A strange-looking vehicle is tipped to attract world attention when it's unveiled at the Paris Motor Show (Oct 4-9). It's the first solar and electric autonomous car in the history of the automobile, French carmaker Venturi claims.

Dubbed the Eclectic, it's a revolutionary vehicle powered by the sun's rays or, when there's no sun, by a wind turbine (an optional extra).

"Eclectic... opens up a new era in the field of mobility," says Venturi, which plans to market the car next year.

"Reserved for daily driving in urban areas, its low energy consumption makes it the most economical environmental vehicle ever built."

A British filmmaker named Danny, who drives his own electric car in London, shot a news-breaking video showing the Eclectic prototype on a test run in Monte Carlo, the city in which it was built.

Until it's unveiled officially, the Eclectic is still a concept vehicle. It was featured in the movie Babylon A.D., where it was seen as a police car of the future.

But there are still problems to be overcome before the car will be allowed on British roads.. One critic, Auto IT, commented : "Great video and great to hear that the Eclectic might come to London. Photovoltaics will work in overcast conditions - they just don’t generate as much juice. More importantly, the Eclectic will need some mudguards to be legal on UK roads (and to stop the rear passengers getting a faceful of puddle). Doors might be an idea too."

Electric cars are making more impact in Europe and Asia than in America and Australia, where few people have even seen one. The latest electric cars have lighter batteries and greater range than previous models, a trend that is sure to continue.

In the US, Genenal Motors' keenly-awaited Chevrolet Volt, "a new plug-in electric car that could save a struggling GM" to quote Time magazine,8599,1841374,00.html?imw=Y will not be available until the end of 2010.

Australia expects to have its first plug-in electric car by the end of next year, when Mitsubishi intends marketing its baby i MiEV in that country.

Electric cars are no novelty on the roads of India, China, Japan, South Korea, Malaysia, Germany, Norway, the UK and other countries where they are made.

India is turning out thousands of electric cars, including the Tara Tiny, "the world's cheapest car," that sells for just under one lakh (100,000 rupees, or $US2146).

Ten electric cars already on the market are illustrated and described here.

In South Korea, CT&T exports electric vehicles to Canada , USA, Indonesia and China.

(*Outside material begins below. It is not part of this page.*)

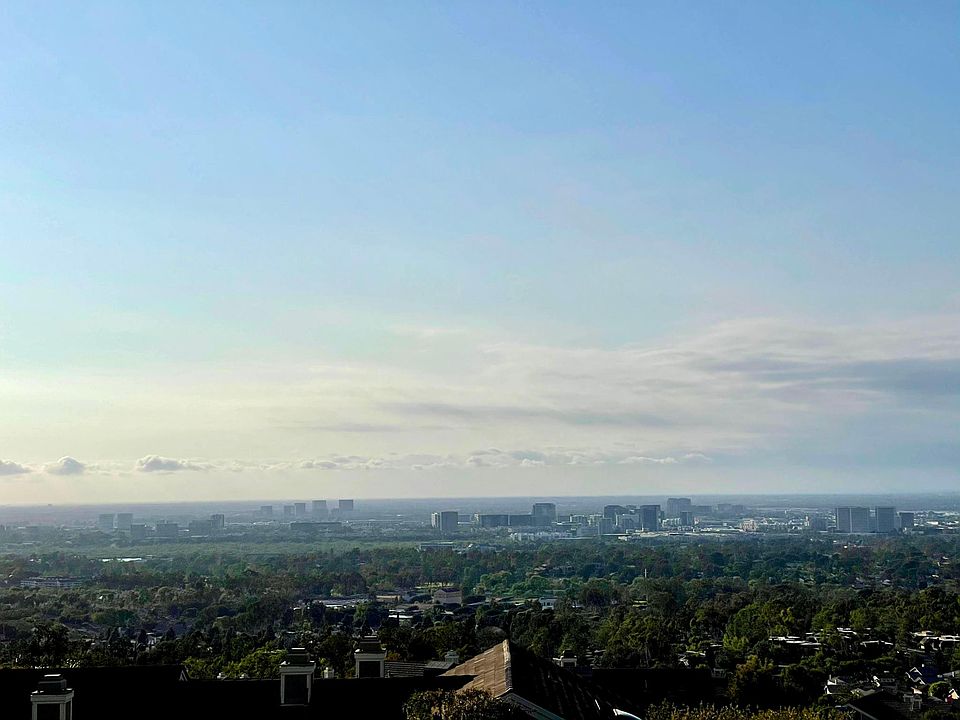 View from the property!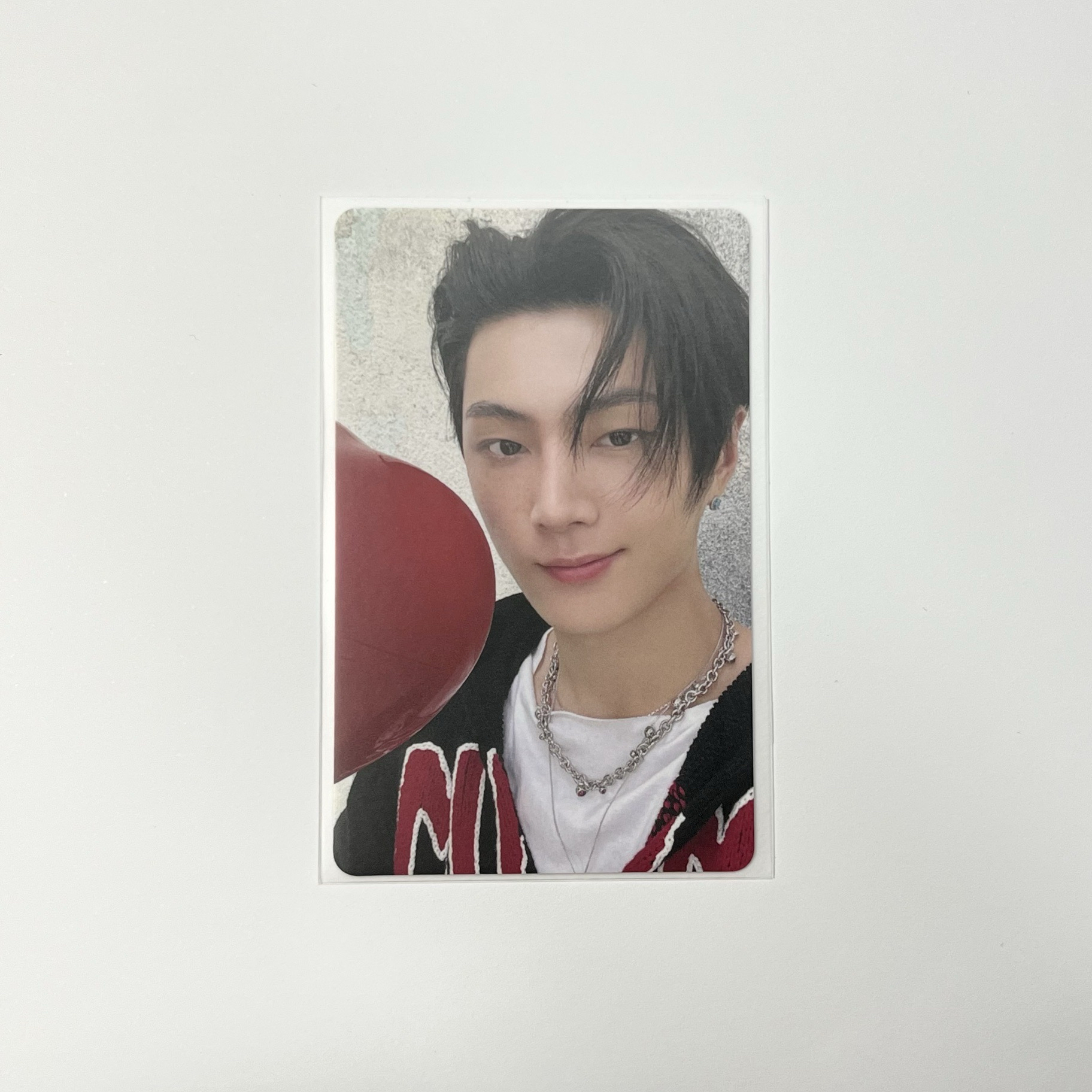 ENHYPEN JAY 正二日咖單封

Millions of TV viewers worldwide saw the Korean cars in use at the Beijing Olympics.

CT&T is about to build a large plant in Fiji, for the local market and for possible export to Australia and New Zealand.

The giant South Korean firm Hyundai plans to launch its first LPG/electric vehicle next July, and is thinking of marketing it in China and Australia.

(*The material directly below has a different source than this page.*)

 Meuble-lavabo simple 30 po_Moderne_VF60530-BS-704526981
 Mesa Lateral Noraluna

In India, the G-Wiz is manufactured by the Reva Electric Car Company ( Reva was formed in 1995 to manufacture environmentally friendly, cost effective electric city cars. Designed in California, the car was developed and tested in India and launched there in May 2001.

The car is designed as a nimble, no-frills electric vehicle for non-polluting urban travel. It can carry two adults and two small children, and is designed for inner city use.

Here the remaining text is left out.